Unfair or Deceptive Trade Practice and Consumer Protection Litigation
Manufacturers, distributors, and retailers of regulated products are not only subject to regulations promulgated by agencies with jurisdiction over the type of product, e.g., FDA, USDA, and EPA, and their state equivalents. They are also subject to myriad statutes designed to protect the consumer and competitors from unfair, deceptive, and fraudulent practices in the marketing and sale of those products.

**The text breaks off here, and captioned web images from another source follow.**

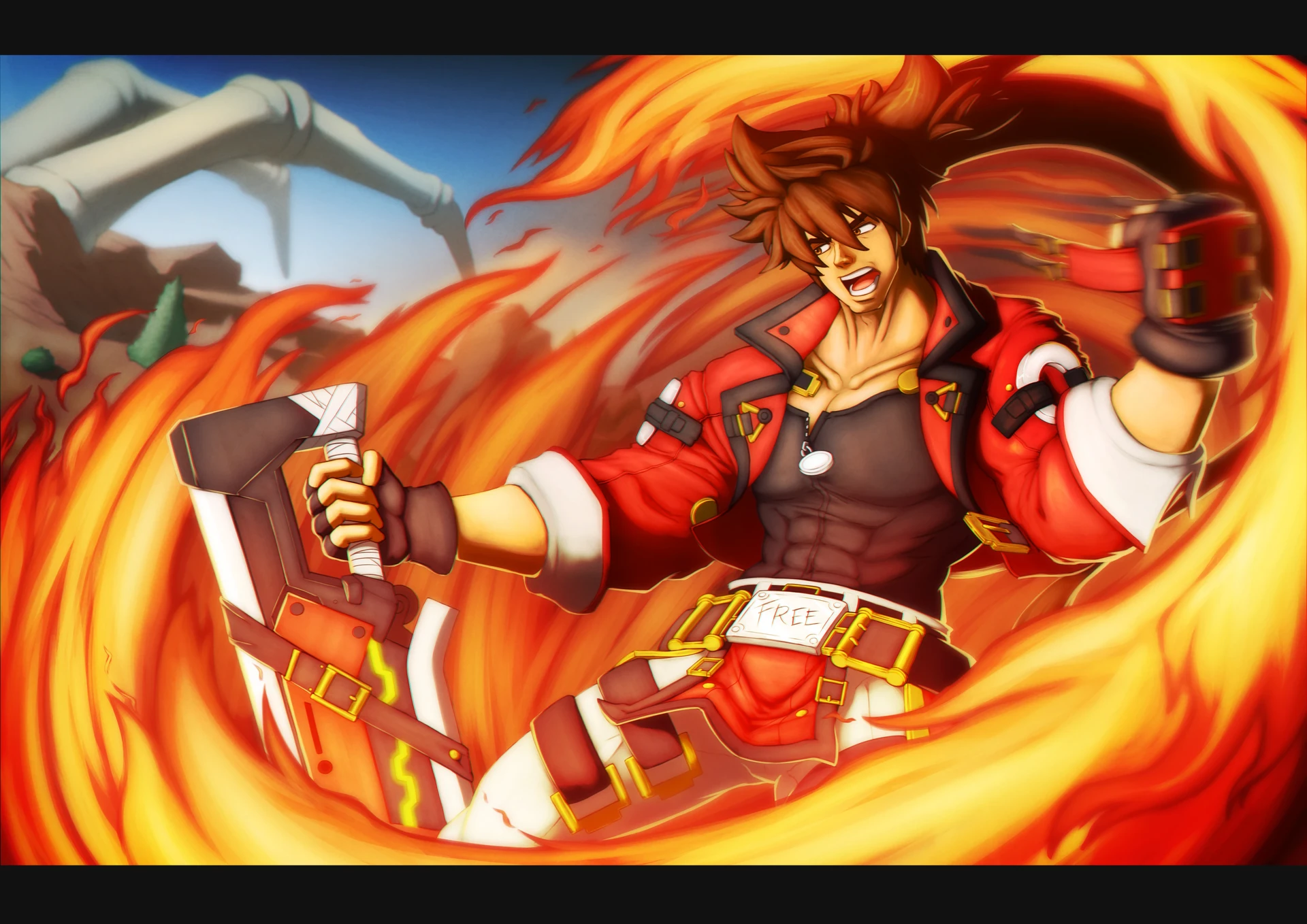 ArtStation - Sol Badguy Splash Art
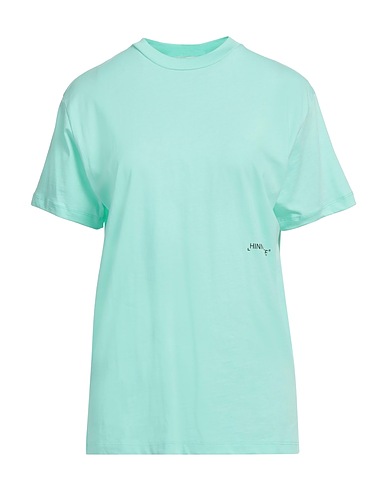 HINNOMINATE Basic T-shirt Turquoise 100% Cotton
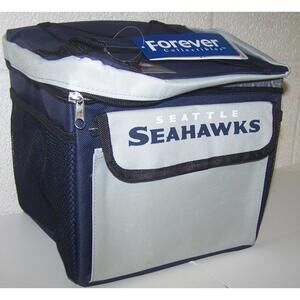 NFL Forever Collectibles Seahawks Insulated Bungee Cooler Lunch Bag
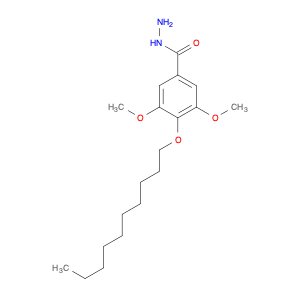 Benzoic acid, 4-(decyloxy)-3,5-dimethoxy-, hydrazide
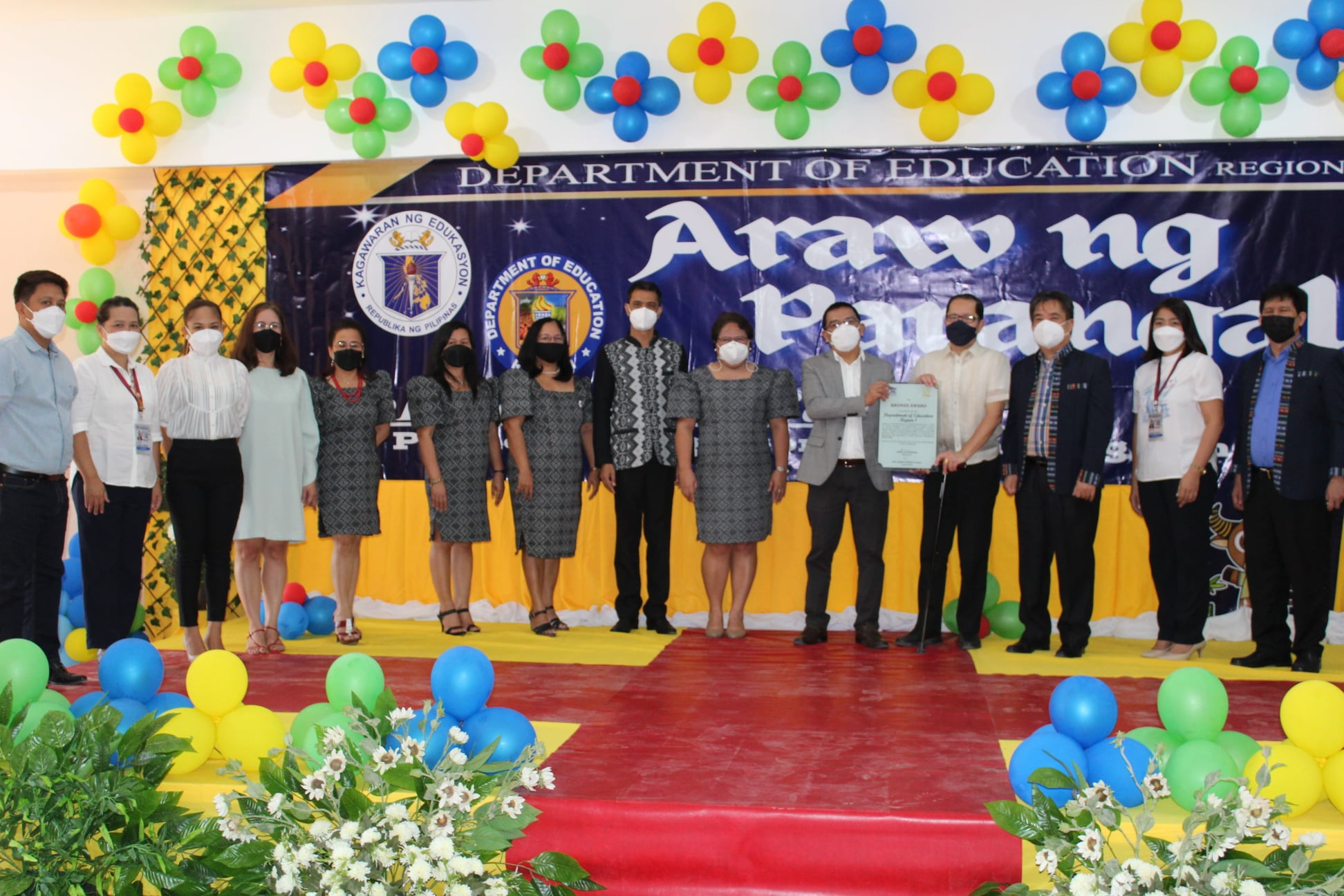 DepEd Region I - PRIME-HRM BRONZE AWARD FOR DEPED RO1 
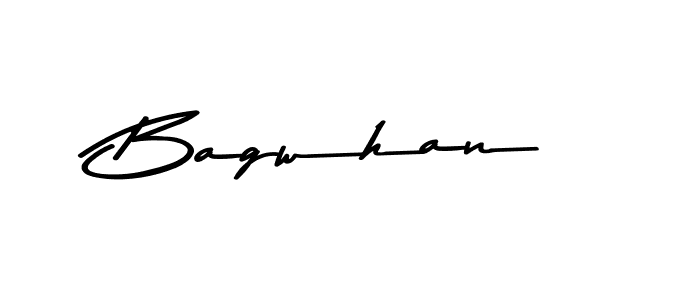 How to make Bagwhan signature? Asem Kandis PERSONAL USE is a professional autograph style. Create handwritten signature for Bagwhan name. Bagwhan signature style 9 images and pictures png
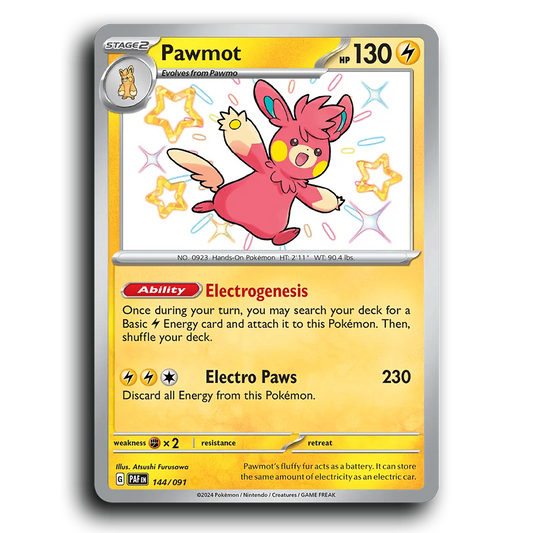 Pawmot (144/091) [Paldean Fates]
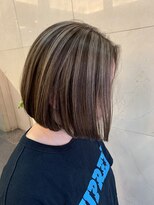 大須賀美容室 けやき通り店&nbsp;バレイヤージュ風ハイライト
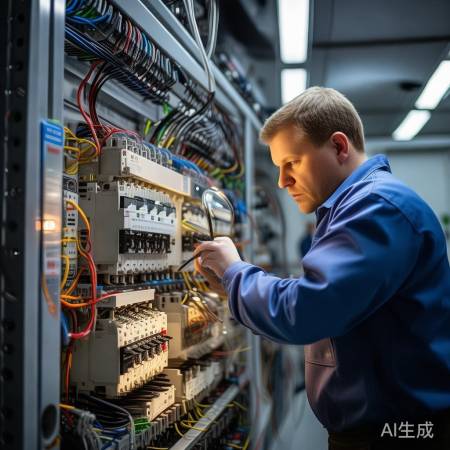 线路检查进行中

These statutes vary across the states, but generally include a private right of action for customers and competitors. The breadth of that right is much broader in some states. The states also vary with respect to the available penalties and damages and the types of violations that customers and competitors can sue for.
Those in the food industry are particularly likely to receive demand letters alleging violation of a deceptive trade practice and purporting to bring a class action. Often such letters allege that the product is marketed or labeled in a way that deceives the purchaser. They may allege an affirmative misrepresentation (e.g., that product marketing states the product is “all-natural” or “Made in the USA” when it is not) or a material omission (e.g., the presence of a heavy metal in food products). They also may claim that the shape and size of the product is misleading, as in the slack-fill cases, that allege that size of the container misleads the purchaser regarding the amount of product.
We have resolved numerous claims alleging misleading labeling and marketing of food and over-the-counter medications. Our expertise in regulatory requirements, including labeling, provides an edge in such litigation. We are particularly successful in resolving these cases prior to suit, often without any settlement payment or injunctive relief.